## PROBLEM TO SOLVE
Please return the whole listing exactly.

## EXTRACTED RECORDS
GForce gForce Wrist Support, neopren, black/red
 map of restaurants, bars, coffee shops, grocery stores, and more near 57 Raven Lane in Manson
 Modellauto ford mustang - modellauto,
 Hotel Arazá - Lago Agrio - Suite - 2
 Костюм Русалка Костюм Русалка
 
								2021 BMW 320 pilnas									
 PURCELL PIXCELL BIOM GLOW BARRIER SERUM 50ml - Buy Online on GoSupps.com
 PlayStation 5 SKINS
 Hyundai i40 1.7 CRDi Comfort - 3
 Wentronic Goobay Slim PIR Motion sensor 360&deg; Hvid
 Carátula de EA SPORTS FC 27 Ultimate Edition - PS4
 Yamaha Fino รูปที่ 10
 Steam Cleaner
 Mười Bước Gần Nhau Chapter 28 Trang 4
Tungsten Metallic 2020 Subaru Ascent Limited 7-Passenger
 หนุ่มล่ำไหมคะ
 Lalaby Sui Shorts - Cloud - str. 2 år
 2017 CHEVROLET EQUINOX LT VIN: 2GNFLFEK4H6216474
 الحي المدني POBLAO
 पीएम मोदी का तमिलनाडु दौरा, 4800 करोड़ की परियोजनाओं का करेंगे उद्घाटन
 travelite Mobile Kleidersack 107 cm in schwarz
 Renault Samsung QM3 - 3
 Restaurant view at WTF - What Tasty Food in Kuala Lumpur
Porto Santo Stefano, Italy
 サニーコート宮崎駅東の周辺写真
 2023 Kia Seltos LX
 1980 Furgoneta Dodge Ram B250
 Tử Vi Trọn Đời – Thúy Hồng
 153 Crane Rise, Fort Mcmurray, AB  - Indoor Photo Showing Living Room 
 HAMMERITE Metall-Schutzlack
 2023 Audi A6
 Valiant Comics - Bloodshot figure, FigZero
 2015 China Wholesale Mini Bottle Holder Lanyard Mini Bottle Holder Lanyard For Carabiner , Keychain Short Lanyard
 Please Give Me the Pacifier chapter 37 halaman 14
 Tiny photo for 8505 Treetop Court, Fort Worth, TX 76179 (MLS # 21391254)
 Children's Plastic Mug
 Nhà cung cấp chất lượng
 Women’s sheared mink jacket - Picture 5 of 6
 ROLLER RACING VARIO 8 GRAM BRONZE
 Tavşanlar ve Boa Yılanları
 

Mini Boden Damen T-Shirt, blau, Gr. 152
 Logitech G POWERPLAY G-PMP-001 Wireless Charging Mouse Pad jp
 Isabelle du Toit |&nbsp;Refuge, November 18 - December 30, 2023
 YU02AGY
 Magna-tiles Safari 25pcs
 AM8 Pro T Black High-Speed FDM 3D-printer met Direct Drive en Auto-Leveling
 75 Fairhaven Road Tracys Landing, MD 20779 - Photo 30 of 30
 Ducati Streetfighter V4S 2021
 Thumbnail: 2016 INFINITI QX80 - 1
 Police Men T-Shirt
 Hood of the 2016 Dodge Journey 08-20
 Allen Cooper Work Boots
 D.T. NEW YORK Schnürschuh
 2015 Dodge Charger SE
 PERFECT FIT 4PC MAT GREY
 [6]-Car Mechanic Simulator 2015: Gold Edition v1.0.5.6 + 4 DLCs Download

## PROBLEM SOLUTION
GForce gForce Wrist Support, neopren, black/red
 map of restaurants, bars, coffee shops, grocery stores, and more near 57 Raven Lane in Manson
 Modellauto ford mustang - modellauto,
 Hotel Arazá - Lago Agrio - Suite - 2
 Костюм Русалка Костюм Русалка
 
								2021 BMW 320 pilnas									
 PURCELL PIXCELL BIOM GLOW BARRIER SERUM 50ml - Buy Online on GoSupps.com
 PlayStation 5 SKINS
 Hyundai i40 1.7 CRDi Comfort - 3
 Wentronic Goobay Slim PIR Motion sensor 360&deg; Hvid
 Carátula de EA SPORTS FC 27 Ultimate Edition - PS4
 Yamaha Fino รูปที่ 10
 Steam Cleaner
 Mười Bước Gần Nhau Chapter 28 Trang 4
Tungsten Metallic 2020 Subaru Ascent Limited 7-Passenger
 หนุ่มล่ำไหมคะ
 Lalaby Sui Shorts - Cloud - str. 2 år
 2017 CHEVROLET EQUINOX LT VIN: 2GNFLFEK4H6216474
 الحي المدني POBLAO
 पीएम मोदी का तमिलनाडु दौरा, 4800 करोड़ की परियोजनाओं का करेंगे उद्घाटन
 travelite Mobile Kleidersack 107 cm in schwarz
 Renault Samsung QM3 - 3
 Restaurant view at WTF - What Tasty Food in Kuala Lumpur
Porto Santo Stefano, Italy
 サニーコート宮崎駅東の周辺写真
 2023 Kia Seltos LX
 1980 Furgoneta Dodge Ram B250
 Tử Vi Trọn Đời – Thúy Hồng
 153 Crane Rise, Fort Mcmurray, AB  - Indoor Photo Showing Living Room 
 HAMMERITE Metall-Schutzlack
 2023 Audi A6
 Valiant Comics - Bloodshot figure, FigZero
 2015 China Wholesale Mini Bottle Holder Lanyard Mini Bottle Holder Lanyard For Carabiner , Keychain Short Lanyard
 Please Give Me the Pacifier chapter 37 halaman 14
 Tiny photo for 8505 Treetop Court, Fort Worth, TX 76179 (MLS # 21391254)
 Children's Plastic Mug
 Nhà cung cấp chất lượng
 Women’s sheared mink jacket - Picture 5 of 6
 ROLLER RACING VARIO 8 GRAM BRONZE
 Tavşanlar ve Boa Yılanları
 

Mini Boden Damen T-Shirt, blau, Gr. 152
 Logitech G POWERPLAY G-PMP-001 Wireless Charging Mouse Pad jp
 Isabelle du Toit |&nbsp;Refuge, November 18 - December 30, 2023
 YU02AGY
 Magna-tiles Safari 25pcs
 AM8 Pro T Black High-Speed FDM 3D-printer met Direct Drive en Auto-Leveling
 75 Fairhaven Road Tracys Landing, MD 20779 - Photo 30 of 30
 Ducati Streetfighter V4S 2021
 Thumbnail: 2016 INFINITI QX80 - 1
 Police Men T-Shirt
 Hood of the 2016 Dodge Journey 08-20
 Allen Cooper Work Boots
 D.T. NEW YORK Schnürschuh
 2015 Dodge Charger SE
 PERFECT FIT 4PC MAT GREY
 [6]-Car Mechanic Simulator 2015: Gold Edition v1.0.5.6 + 4 DLCs Download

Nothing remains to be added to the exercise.